With several large technology companies, like I.B.M. and Oracle, becoming more acquisitive, the investor group may soon find eager buyers for parts of Blue Coat. The seismic shift in enterprise technology — from onsite software to Web-based applications — is creating new opportunities for those who specialize in security software, according to Alex Henderson, a Miller Tabak analyst. He said the investor group could help Blue Coat straighten out its business outside of the public glare, and then sell off parts to buyers like Cisco Systems, Juniper Networks and Citrix Systems, which could be interested in security technology.

“Security is a very fluid environment, and there’s a lot of big players who view the integration of security and application deployment as critical to success, as we go from managing the hardware stack to the software stack,” he said.

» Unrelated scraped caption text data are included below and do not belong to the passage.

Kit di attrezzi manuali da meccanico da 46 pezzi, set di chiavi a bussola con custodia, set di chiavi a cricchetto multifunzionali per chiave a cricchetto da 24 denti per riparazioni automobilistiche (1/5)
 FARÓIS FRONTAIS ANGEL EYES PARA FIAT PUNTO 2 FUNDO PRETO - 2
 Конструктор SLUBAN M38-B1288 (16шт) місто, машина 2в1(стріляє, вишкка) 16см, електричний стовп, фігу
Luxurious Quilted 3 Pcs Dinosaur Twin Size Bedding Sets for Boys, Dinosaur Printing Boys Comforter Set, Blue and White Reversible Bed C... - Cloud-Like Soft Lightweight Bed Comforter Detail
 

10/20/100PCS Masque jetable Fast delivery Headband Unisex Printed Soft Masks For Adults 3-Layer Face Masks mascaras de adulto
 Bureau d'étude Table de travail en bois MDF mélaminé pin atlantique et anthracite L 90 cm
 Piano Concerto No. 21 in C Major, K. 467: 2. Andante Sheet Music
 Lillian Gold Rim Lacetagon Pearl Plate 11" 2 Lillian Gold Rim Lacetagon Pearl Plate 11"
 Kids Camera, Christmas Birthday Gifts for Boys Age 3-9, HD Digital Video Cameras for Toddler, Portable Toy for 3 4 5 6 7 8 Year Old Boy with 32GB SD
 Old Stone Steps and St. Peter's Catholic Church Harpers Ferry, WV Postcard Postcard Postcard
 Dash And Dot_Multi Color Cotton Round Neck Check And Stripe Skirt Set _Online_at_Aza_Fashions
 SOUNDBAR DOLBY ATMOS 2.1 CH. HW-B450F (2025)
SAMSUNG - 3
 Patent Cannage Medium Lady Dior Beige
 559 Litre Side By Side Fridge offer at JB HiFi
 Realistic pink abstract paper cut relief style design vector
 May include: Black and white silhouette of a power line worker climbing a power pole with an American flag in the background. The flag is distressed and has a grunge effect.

On Friday, Hedge fund Elliott Management, which owns a 13 percent stake in Blue Coat, said it was pleased with the outcome.

“This is a terrific outcome for shareholders,” Jesse A. Cohn, an Elliott portfolio manager said in an e-mailed statement. “Blue Coat has leading technology in good markets, and we are pleased this compelling value was recognized.”

Goldman Sachs advised Blue Coat on the transaction, while Jefferies advised Thoma Bravo. The deal is expected to close in the first quarter of 2012.